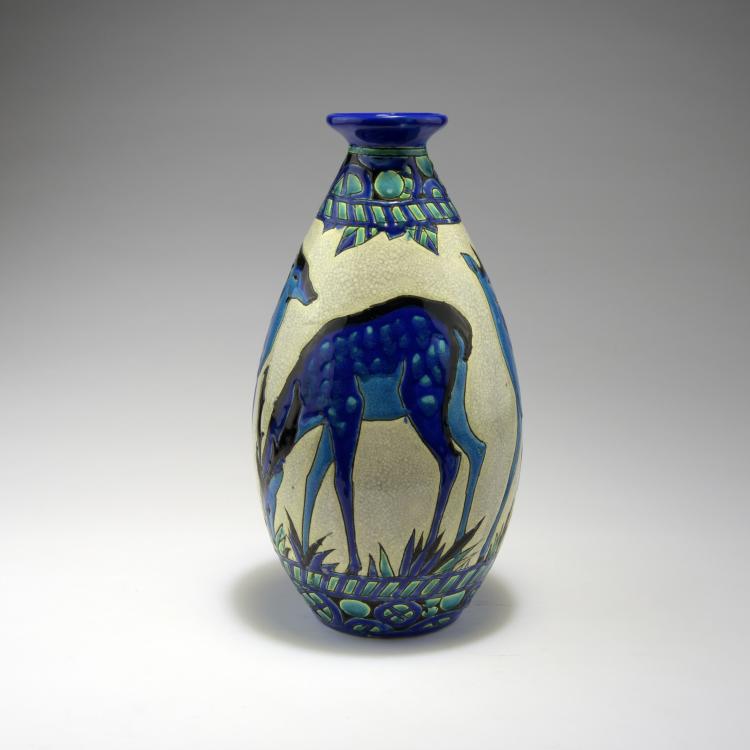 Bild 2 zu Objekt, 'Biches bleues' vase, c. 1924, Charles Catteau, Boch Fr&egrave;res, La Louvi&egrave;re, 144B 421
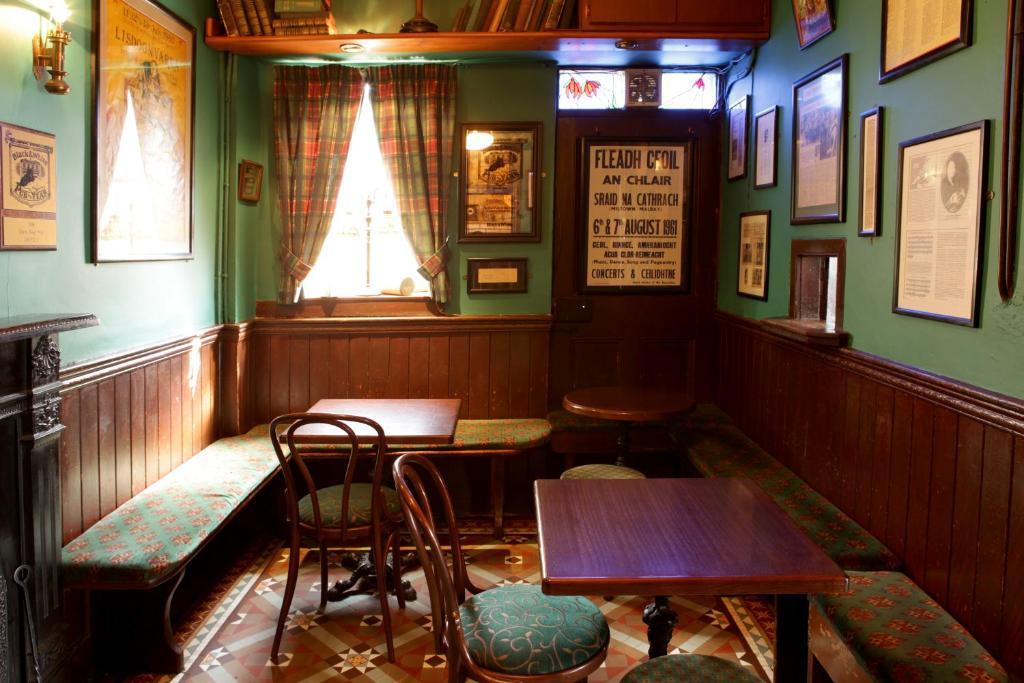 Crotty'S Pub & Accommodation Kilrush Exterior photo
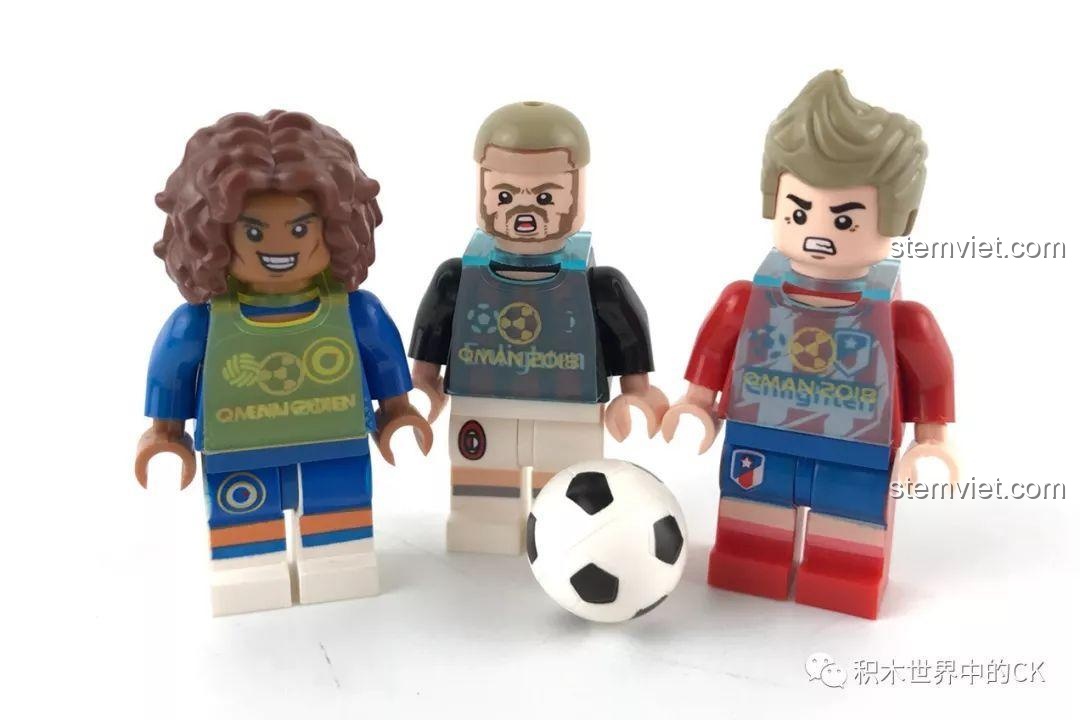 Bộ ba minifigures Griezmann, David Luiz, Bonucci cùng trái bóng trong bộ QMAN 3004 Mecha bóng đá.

_ _ _ _ _

WHAT THE TASK REQUIRES:
Leave the pictures out and please restate exactly the lines running from the start of the material through the one with "Crotty'S Pub &".

TASK OUTPUT:
 Bild 2 zu Objekt, 'Biches bleues' vase, c. 1924, Charles Catteau, Boch Fr&egrave;res, La Louvi&egrave;re, 144B 421
 Crotty'S Pub & Accommodation Kilrush Exterior photo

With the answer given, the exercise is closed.